> [Exercise] Look through the entries below for the line that contains "Sanjay Dutt wishes", then set down that line and each one after it exactly, through the last.

> [Supplied information]
◇ ◇ ◇ ◇
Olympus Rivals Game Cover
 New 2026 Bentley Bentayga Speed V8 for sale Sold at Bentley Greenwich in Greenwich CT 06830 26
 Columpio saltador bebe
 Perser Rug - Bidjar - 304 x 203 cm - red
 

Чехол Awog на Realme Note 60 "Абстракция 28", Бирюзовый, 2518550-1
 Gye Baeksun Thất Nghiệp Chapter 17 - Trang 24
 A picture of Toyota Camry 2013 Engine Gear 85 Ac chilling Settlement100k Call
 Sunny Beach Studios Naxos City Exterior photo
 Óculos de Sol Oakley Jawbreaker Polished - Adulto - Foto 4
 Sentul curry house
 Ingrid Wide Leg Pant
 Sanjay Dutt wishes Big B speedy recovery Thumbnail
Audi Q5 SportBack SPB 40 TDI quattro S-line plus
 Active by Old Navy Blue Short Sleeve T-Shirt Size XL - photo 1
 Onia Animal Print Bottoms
◇ ◇ ◇ ◇
> [Exercise result]
 Sanjay Dutt wishes Big B speedy recovery Thumbnail
Audi Q5 SportBack SPB 40 TDI quattro S-line plus
 Active by Old Navy Blue Short Sleeve T-Shirt Size XL - photo 1
 Onia Animal Print Bottoms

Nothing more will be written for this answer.